Junto con la equiparación de la mujer, la completa transformación del trabajo es el otro cambio mayúsculo que se está operando en las sociedades avanzadas. El trabajo físico doloroso que exigía una obediencia ciega pertenece al pasado; ahora se requieren personas cada vez mejor cualificadas que disfruten con lo que hagan de manera autónoma y responsable.

Importa tener muy presente que en el mundo de la automatización y de las nuevas tecnologías, no sólo se precisa de una población más educada, sino sobre todo educada de otra forma. La vieja educación que exaltaba la disciplina, la obediencia y la disposición a sufrir, ha de dejar paso a una que, sin renunciar al gozo de vivir, ponga en un primer término el espíritu crítico y la iniciativa individual. Ahora que por fin se puede hacer extensiva a todos, tal vez haya que inspirarse en la educación que recibía el ciudadano libre en la Antigüedad, basada en un desarrollo personal que impulse la iniciativa de cada cual.

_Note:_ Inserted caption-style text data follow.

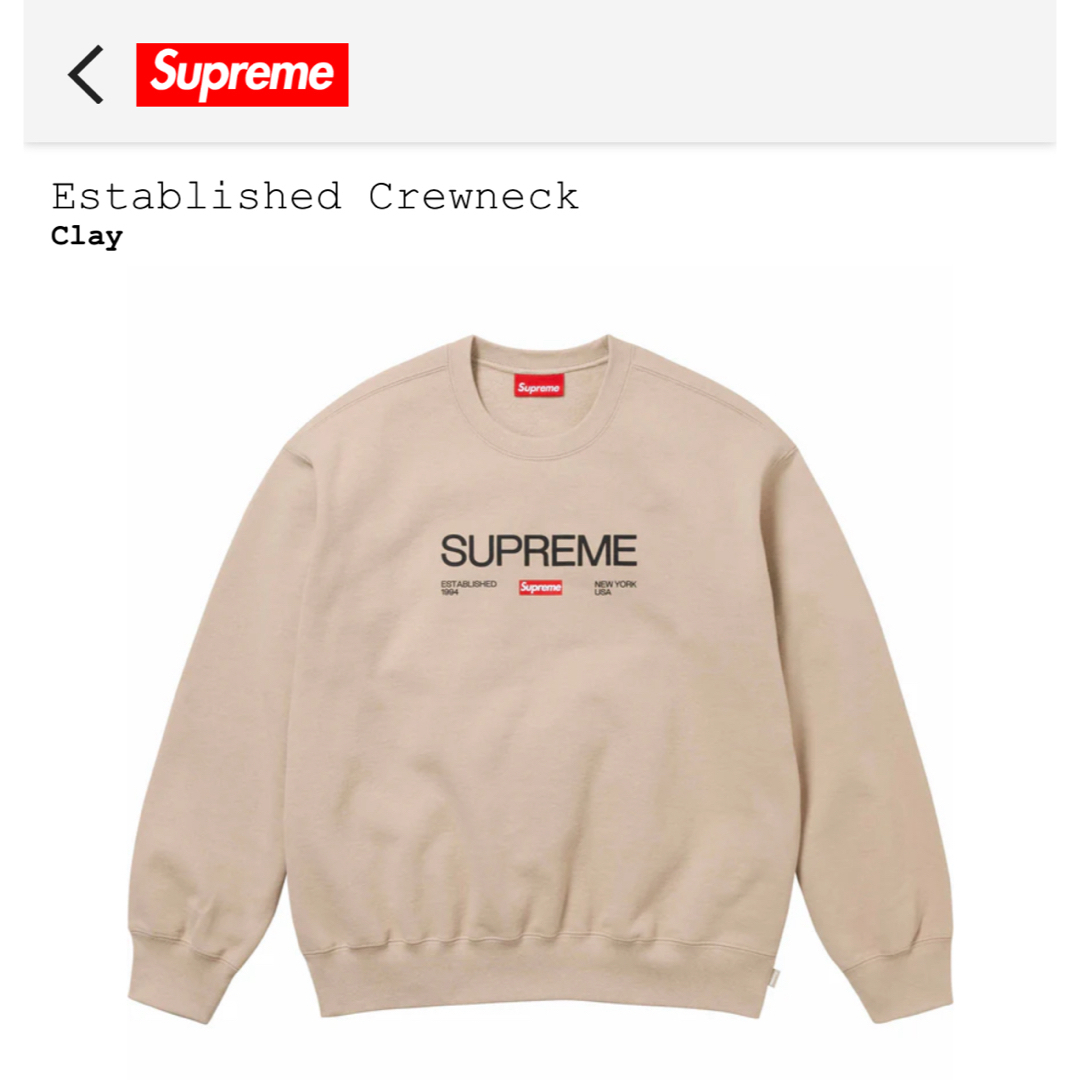 Supreme(シュプリーム)の新品Supreme Establish crewneck正規品 送料無料 メンズのトップス(パーカー)の商品写真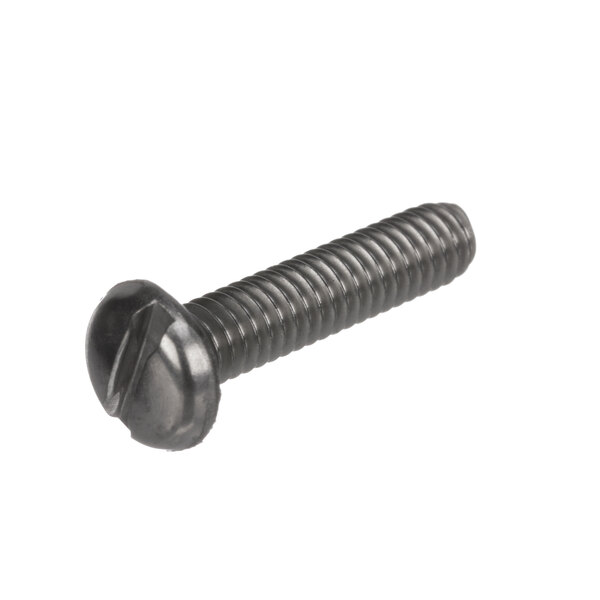 A close-up of a Bunn 01370.0000 screw.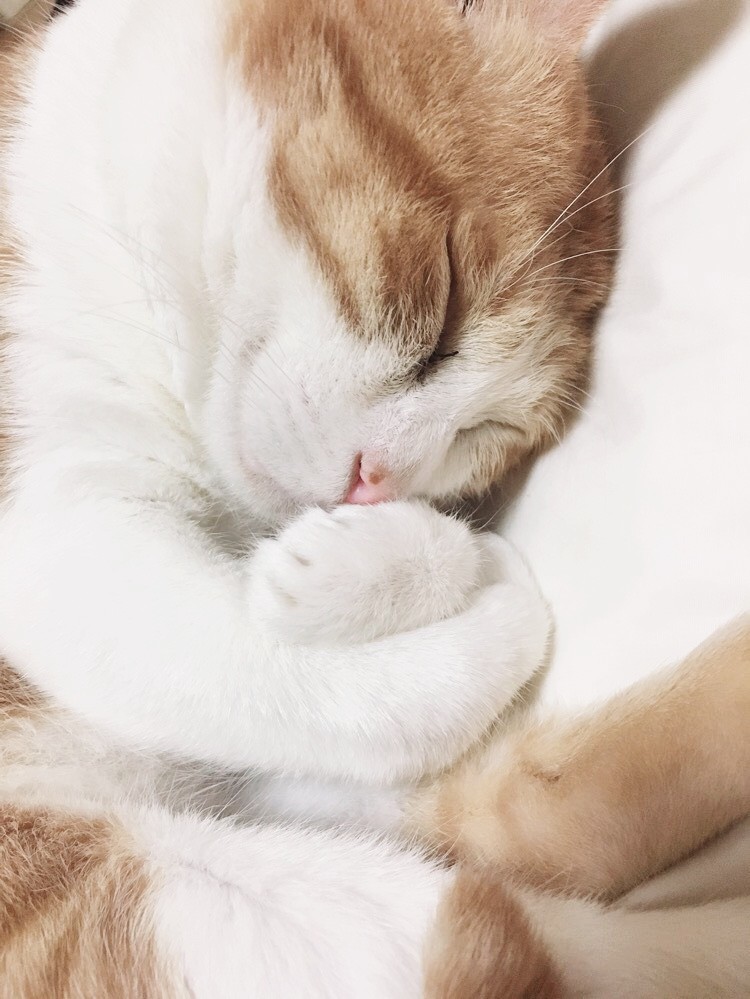 f:id:kuronekoh:20191203105257j:plain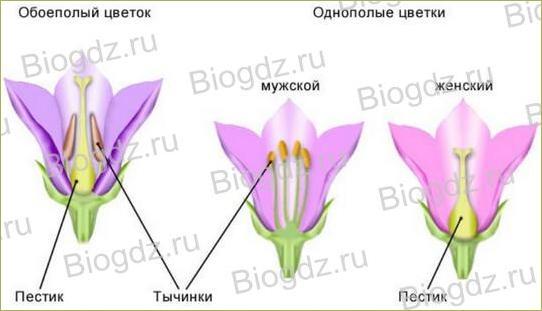 Тема 4. Органы цветковых растений - 17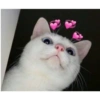Gatos 8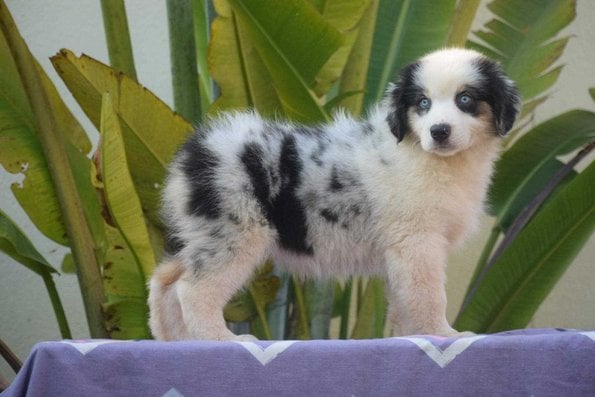Australian Shepherd For Sale In Jaipur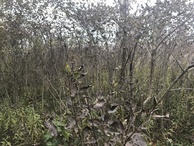 #4: View to the north from the confluence point. 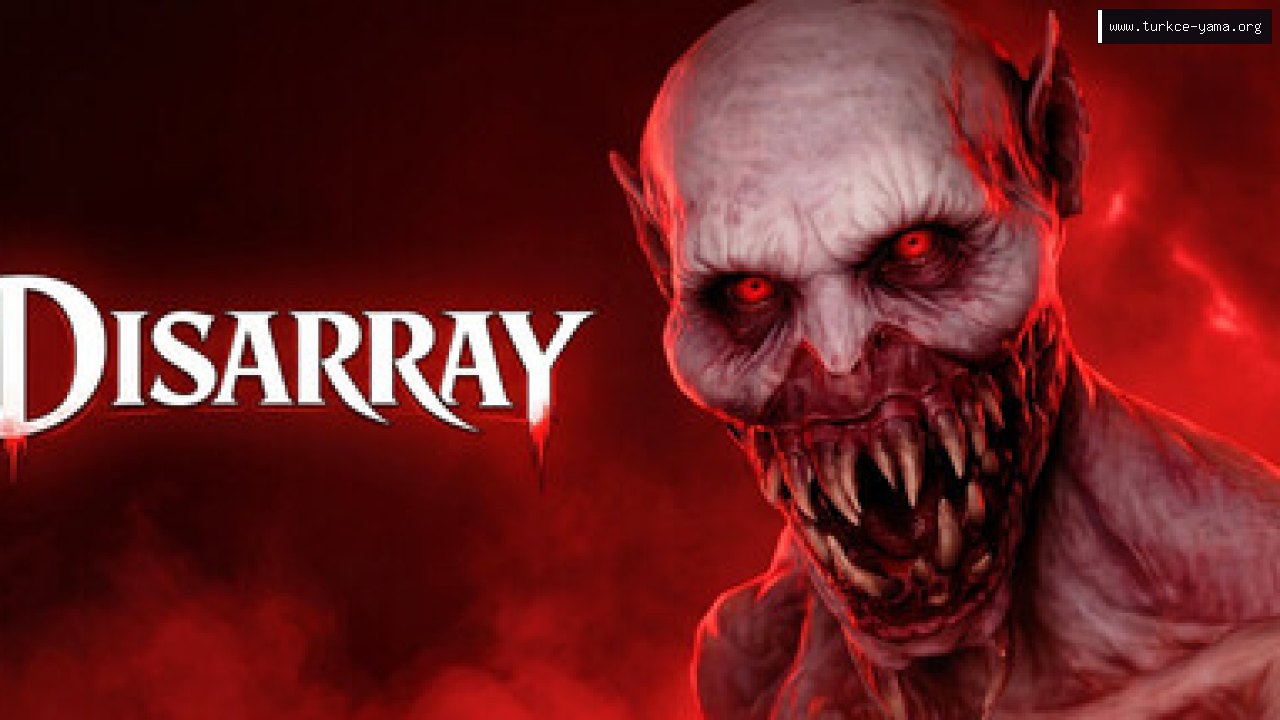 Disarray Türkçe Yama kapak görseli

Predicar el sufrimiento como principio de salvación era congruente con un mundo en el que la inmensa mayoría estaba condenada al esfuerzo doloroso y a la obediencia sin réplica. Un cristianismo que colocó al sufrimiento y la obediencia en el centro de lo humano tuvo sentido en un contexto social en el que la inmensa mayoría estaba condenada a realizar un trabajo desesperante.

Pese a que no quepa eliminar otras muchas fuentes de dolor, desde la muerte de los seres queridos al miedo a la propia muerte, desde la aflicción por el desamor, a la que conlleva el fracaso en nuestros mejores empeños, para la inmensa mayoría la primera fuente diaria de sufrimiento ha desaparecido con el trabajo humillante y doloroso. El recurso a una religión que transforma el sufrimiento en salvación seguirá acogiendo a algunos de los menos dichosos, pero no tendrá ya la universalidad que le proporcionó el trabajo como fuente principal de padecimiento.

Ignacio Sotelo es catedrático excedente de Sociología.